Viverette: Well, I don’t know we don’t have tons of time left and there are a million another questions we could ask. I do though want to hear… you’re about to head off to Indiana. I’m glad that I have your number on speed dial so I can call you when we need reminders of what it is that you have done for all these years. What are you going to be looking for as you head out to Indiana like … I think your title involves chaplaincy, spiritual care and congregational partnerships. As you take FaithHealth out there what’s it going to look like?

Foster: So really I hope to take two lessons from here. The first lesson is not sit in the boardroom and try to think out what’s the smartest, best way to do community engagement but really to follow the strengths and wisdom of the people already on that team.

So where is that chaplain already deeply embedded in some community that they’re not really to do and can I then help them rewrite their job description, their life in a way that let’s actualize a part of their ministry that would help that community and that chaplain?
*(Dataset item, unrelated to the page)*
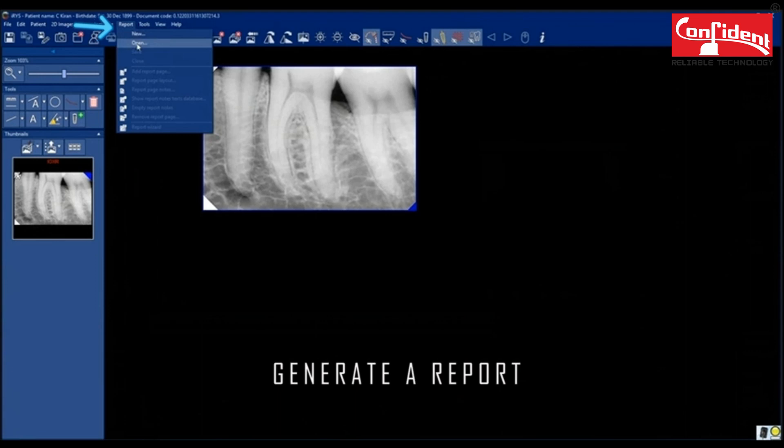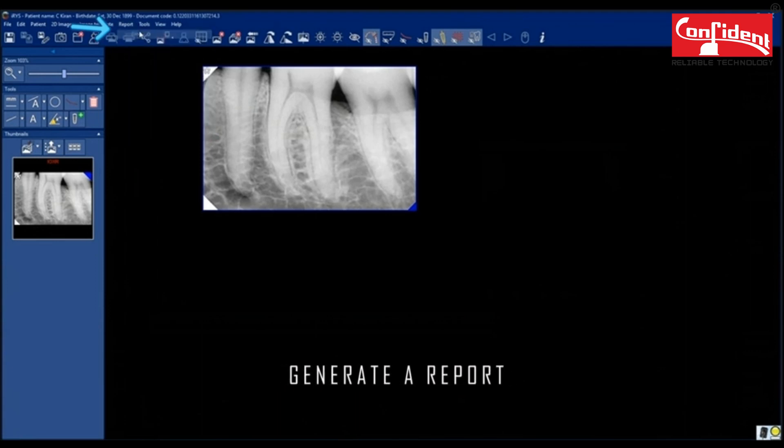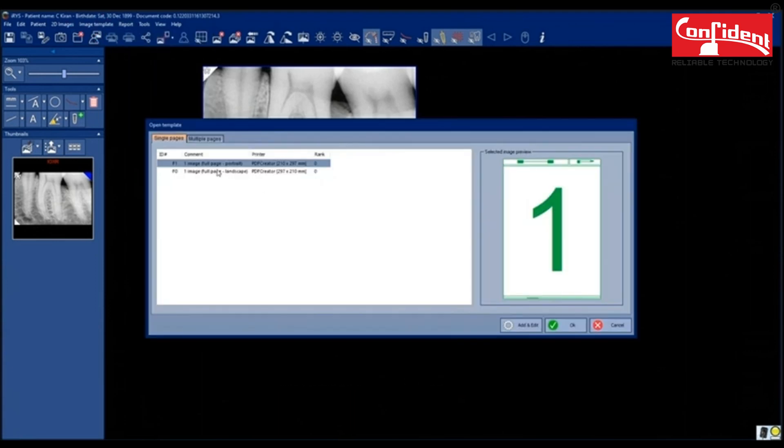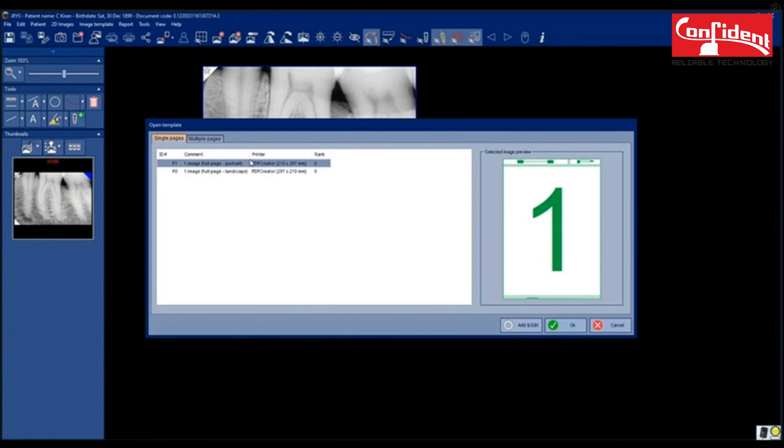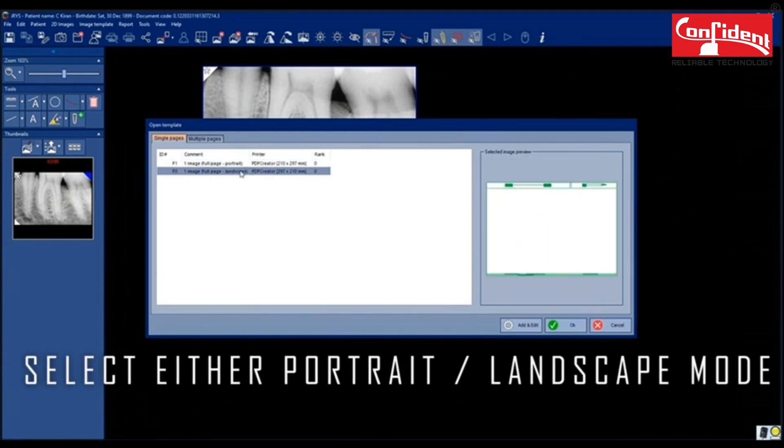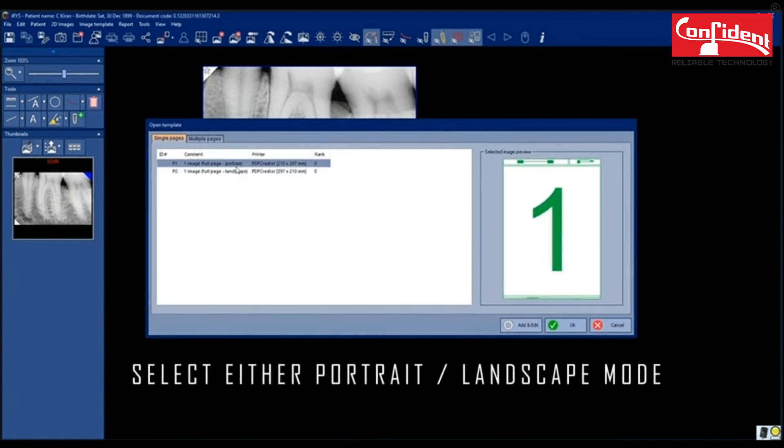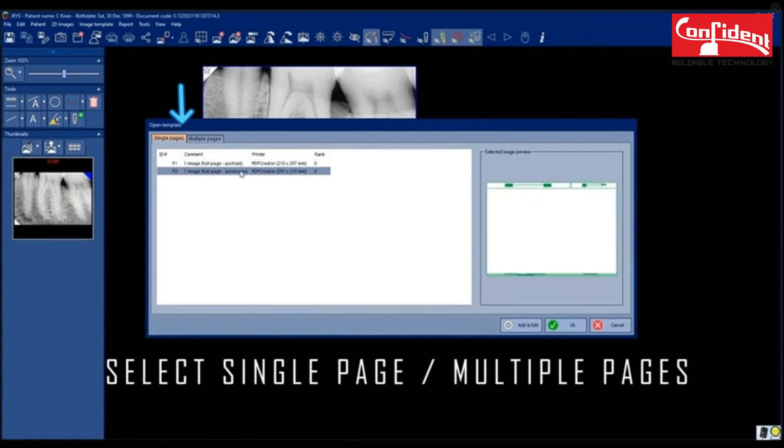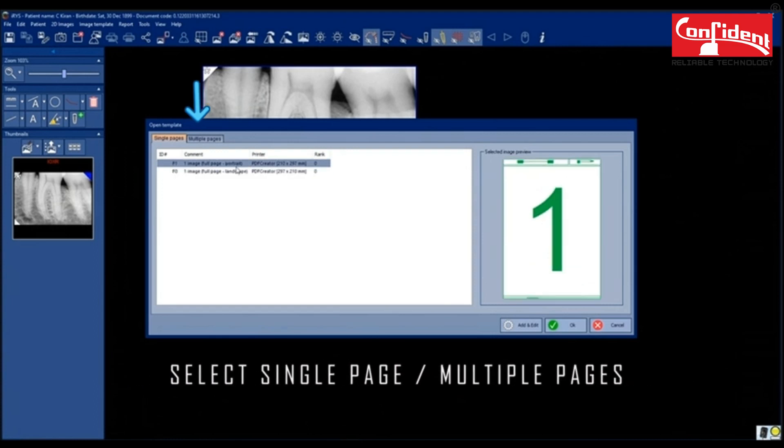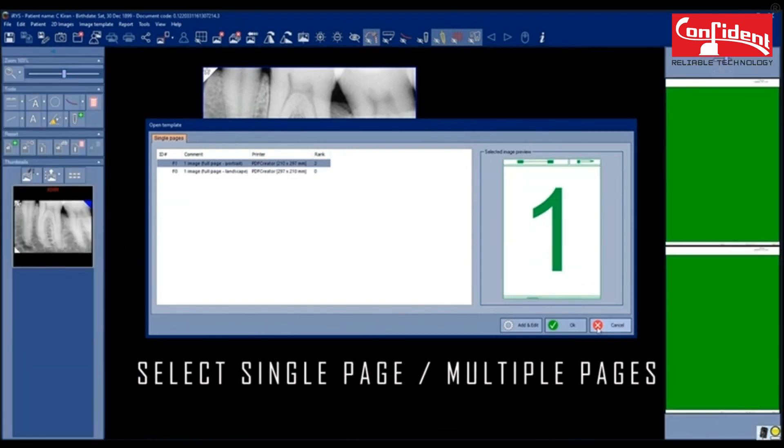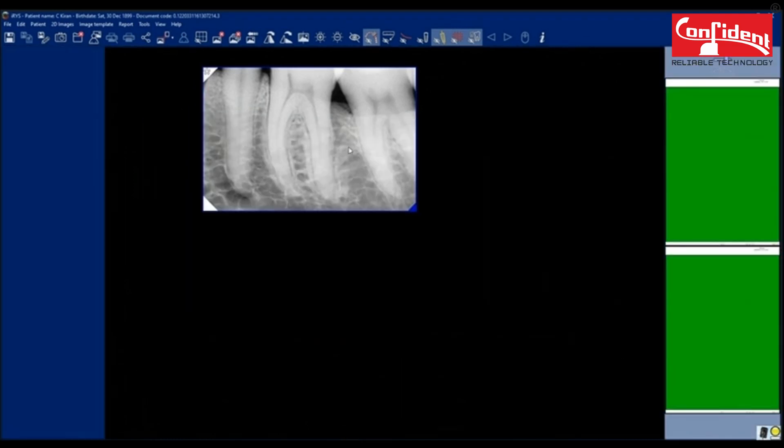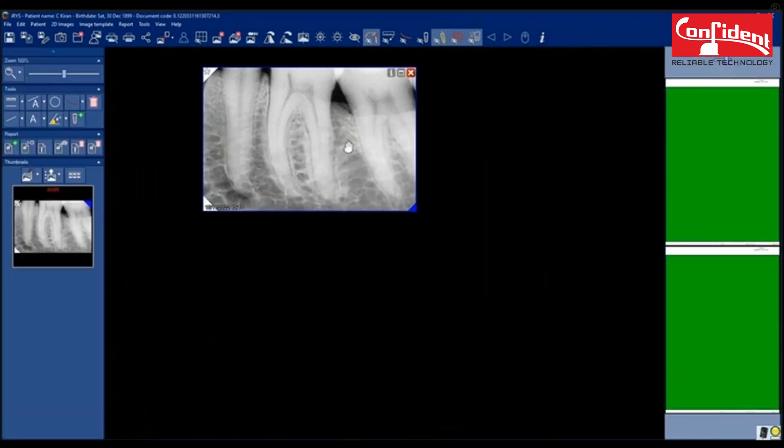Now to generate a report, click on report tab. Here select the orientation of the report. Portrait or landscape. You can also select single page or multiple pages. I have selected a portrait mode.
The second thing I hope to do is to get out and really learn those congregations. Indianapolis is a pretty big city and they have significant urban issues. Eleven of the 16 hospitals in the IU system are in very small rural communities. They’re going to have very different needs.

So my first year or two is really going to be learning what are the needs and rich resources of each of those hospitals? What are the congregations that are already in their backyard wanting to partner but haven’t been invited yet? Big picture, I’ve got an idea. It will be really interesting to see what it looks like in real time.

And I’ve got your number on speed dial, as well.

Viverette: It’s been one of the great pieces of wisdom that Gary Gunderson brought here is that we can look into a community and see all sorts of needs but really where we are going to have the most capacity to build and make connections is out of the strengths and resources. So, it changes the whole outlook of community and programs and medical centers when you start looking from kind of the resources’ strength lens and that’s just been a real gift to me as have you. So thank you. Thanks for the conversation.

Foster: Thank you so much, Emily. Cheers.